[FFmpeg-user] Preserving perceived loudness when downmixing audio from 5.1 AC3 to stereo AAC

Mon Aug 5 12:58:08 CEST 2013

> -----Original Message-----
> From: Andy Furniss [mailto:adf.lists at gmail.com]
> Sent: 04 August 2013 22:11
> To: FFmpeg user questions
> Cc: Francois Visagie
> Subject: Re: [FFmpeg-user] Preserving perceived loudness when
> downmixing audio from 5.1 AC3 to stereo AAC
> 
> Francois Visagie wrote:
> 
> > I don't think this is the desired outcome, to achieve unified audio
> > processing but with significant reduction in perceived volume in the
> > process. Is there any further testing I can do to help investigate and
> > hopefully improve this situation?
> 
> Down mixing is not ideal. Lower volume is expected.
> 
> If you don't want the result to clip then you have to normalise enough to
> allow for all input channels being full level - even though that may be
rare in
> practice.
> 
> As you are dealing with ac3

Therein lies part of the problem, not all input files are AC3. Up to at
least 30 June -filter:a aformat=channel_layouts=stereo could be used in a
standard command line to produce stereo from multi-channel inputs with input
and output volumes perceivably equal. Now each encode needs to be inspected
individually for input/output differences, and the remedy will in each case
also differ according to input type and/or volume differences. Really
sub-optimal in my view, one which I expect to be more widely shared once
these implications are more widely understood.

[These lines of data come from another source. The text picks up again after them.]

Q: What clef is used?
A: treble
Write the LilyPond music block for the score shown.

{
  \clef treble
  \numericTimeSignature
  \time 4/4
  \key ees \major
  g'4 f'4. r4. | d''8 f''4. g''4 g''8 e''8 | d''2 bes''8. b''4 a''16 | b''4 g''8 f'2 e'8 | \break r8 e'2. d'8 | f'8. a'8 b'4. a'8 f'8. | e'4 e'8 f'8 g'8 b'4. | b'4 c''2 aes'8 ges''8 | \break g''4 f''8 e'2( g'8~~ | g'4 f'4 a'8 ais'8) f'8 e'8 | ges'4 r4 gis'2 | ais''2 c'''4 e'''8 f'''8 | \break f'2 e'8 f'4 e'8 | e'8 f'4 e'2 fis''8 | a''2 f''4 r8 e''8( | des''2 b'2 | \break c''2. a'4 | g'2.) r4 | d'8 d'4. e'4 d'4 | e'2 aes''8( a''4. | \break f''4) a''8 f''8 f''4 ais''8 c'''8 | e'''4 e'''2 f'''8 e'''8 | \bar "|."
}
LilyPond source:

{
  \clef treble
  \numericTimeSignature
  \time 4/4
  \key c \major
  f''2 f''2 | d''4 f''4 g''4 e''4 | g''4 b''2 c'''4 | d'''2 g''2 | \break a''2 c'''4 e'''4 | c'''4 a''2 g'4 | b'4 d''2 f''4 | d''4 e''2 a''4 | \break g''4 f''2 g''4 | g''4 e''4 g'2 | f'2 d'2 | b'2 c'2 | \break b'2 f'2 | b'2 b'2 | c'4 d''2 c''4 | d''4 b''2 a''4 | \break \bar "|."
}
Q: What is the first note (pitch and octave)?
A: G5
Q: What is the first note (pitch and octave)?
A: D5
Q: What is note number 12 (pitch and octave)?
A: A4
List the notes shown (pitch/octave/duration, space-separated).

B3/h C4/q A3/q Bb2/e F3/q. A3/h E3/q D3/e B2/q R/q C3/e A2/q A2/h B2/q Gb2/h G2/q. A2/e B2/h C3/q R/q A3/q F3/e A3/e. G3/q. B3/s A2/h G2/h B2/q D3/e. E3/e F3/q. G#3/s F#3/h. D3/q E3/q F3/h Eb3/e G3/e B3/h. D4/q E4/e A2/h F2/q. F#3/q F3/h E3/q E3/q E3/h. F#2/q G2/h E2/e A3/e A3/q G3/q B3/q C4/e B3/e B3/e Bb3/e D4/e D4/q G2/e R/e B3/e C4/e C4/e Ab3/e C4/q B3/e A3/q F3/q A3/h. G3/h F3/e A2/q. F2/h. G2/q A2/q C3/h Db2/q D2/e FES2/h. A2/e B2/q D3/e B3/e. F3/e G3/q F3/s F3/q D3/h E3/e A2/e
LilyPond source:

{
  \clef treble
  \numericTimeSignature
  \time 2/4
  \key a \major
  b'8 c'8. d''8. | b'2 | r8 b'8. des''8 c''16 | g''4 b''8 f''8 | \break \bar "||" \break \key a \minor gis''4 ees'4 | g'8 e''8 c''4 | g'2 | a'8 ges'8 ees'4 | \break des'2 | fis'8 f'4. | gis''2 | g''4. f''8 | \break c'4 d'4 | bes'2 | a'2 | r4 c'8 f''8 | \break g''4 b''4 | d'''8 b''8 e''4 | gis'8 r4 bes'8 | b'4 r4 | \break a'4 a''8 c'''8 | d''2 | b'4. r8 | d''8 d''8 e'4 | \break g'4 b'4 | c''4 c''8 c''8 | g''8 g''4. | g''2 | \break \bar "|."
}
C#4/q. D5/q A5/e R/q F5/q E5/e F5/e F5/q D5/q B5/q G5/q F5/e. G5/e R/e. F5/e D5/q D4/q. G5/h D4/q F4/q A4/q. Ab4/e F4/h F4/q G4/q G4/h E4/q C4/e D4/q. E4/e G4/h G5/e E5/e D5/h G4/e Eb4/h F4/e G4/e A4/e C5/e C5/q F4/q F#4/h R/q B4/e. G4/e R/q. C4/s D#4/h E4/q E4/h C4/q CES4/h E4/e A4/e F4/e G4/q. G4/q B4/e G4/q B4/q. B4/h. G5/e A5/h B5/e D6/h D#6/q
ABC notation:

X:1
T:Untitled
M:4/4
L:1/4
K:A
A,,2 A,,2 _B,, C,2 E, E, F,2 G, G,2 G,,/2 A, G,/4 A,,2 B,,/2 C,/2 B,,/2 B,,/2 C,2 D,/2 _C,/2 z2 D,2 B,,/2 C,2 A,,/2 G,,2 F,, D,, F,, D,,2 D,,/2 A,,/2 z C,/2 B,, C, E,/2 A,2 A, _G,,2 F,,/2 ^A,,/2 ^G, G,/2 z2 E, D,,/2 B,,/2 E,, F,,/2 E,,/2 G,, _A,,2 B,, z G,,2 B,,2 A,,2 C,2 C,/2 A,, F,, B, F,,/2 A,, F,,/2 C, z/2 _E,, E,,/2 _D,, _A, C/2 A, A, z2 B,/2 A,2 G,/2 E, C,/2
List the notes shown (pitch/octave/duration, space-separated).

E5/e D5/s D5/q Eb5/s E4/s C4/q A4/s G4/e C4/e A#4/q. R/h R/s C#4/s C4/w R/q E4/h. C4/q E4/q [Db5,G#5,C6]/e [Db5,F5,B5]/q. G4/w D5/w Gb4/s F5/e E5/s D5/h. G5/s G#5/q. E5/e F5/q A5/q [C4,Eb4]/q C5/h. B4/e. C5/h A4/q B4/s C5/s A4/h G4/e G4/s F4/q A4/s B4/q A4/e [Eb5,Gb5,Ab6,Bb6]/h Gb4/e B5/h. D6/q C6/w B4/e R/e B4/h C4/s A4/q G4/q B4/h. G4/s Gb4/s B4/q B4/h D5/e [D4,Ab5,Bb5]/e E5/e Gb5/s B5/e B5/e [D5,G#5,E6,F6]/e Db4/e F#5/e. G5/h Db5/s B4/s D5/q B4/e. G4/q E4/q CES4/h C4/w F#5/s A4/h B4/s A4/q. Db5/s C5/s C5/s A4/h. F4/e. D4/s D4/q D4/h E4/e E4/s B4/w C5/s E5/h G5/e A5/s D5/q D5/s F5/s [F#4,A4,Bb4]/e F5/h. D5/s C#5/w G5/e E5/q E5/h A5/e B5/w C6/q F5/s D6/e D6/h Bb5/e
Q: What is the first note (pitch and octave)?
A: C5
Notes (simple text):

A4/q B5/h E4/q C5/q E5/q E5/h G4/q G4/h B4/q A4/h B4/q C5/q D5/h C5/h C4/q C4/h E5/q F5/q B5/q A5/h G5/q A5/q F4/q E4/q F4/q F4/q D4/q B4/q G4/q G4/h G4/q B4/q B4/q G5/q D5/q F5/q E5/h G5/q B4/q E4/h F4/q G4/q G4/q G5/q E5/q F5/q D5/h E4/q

I sincerely appreciate the trouble you took with outlining various
principles involved, but, on a more practical level: rather than making
-filter:a aformat=channel_layouts=stereo now share the mechanism of -ac 2
and -filter:a aresample=ocl=3 (incorrectly so wrt. volume levels in my
view), what is the feasibility of making the other two behave like -filter:a
aformat=channel_layouts=stereo instead?

> you should also be aware that a studio produced
> stream will usually carry mata data specifying dynamic range control and
by
> default ffmpeg applies this fully so you get the restricted the range
output.
> Just turning this off with
> 
> -drc_scale 0
> 
> will however produce something that IMHO has too much range - it's not
> actually on/off it's float so you can do in between 0 and 1.
> 
> ac3 also has meta data for downmix so using -request_channels 2 should in
> theory get a downmix as the studio intended - but of course it's still
> normalised to prevent clipping and it's still compromised by the fact it's
a
> downmix.
> 
> I don't know if there's a way with ffmpeg to analyse and adjust the whole
> downmixed track to boost the levels to take advantage of any headroom.
> 
> You can certainly do it with sox (working on pcm)
> 
> Slight digression - last time I looked at dts/dca codecs default downmix
it was
> a clipping stereo squashing mess - nice and loud though, but really. don't
> think it's OK or anything to aim for should you happen to ever test.
> 
> Not much use for your need, but as for the future - the nice thing about
> Dolby Truehd and DTS MA is that they mix up, so a stereo user like me
should
> get an "artistic" studio mix rather than something kludged down.
> 
> AFAIK dts ma isn't supported yet truehd is (but no drc support) - and this
is
> just decode.
> 
> 
> 
>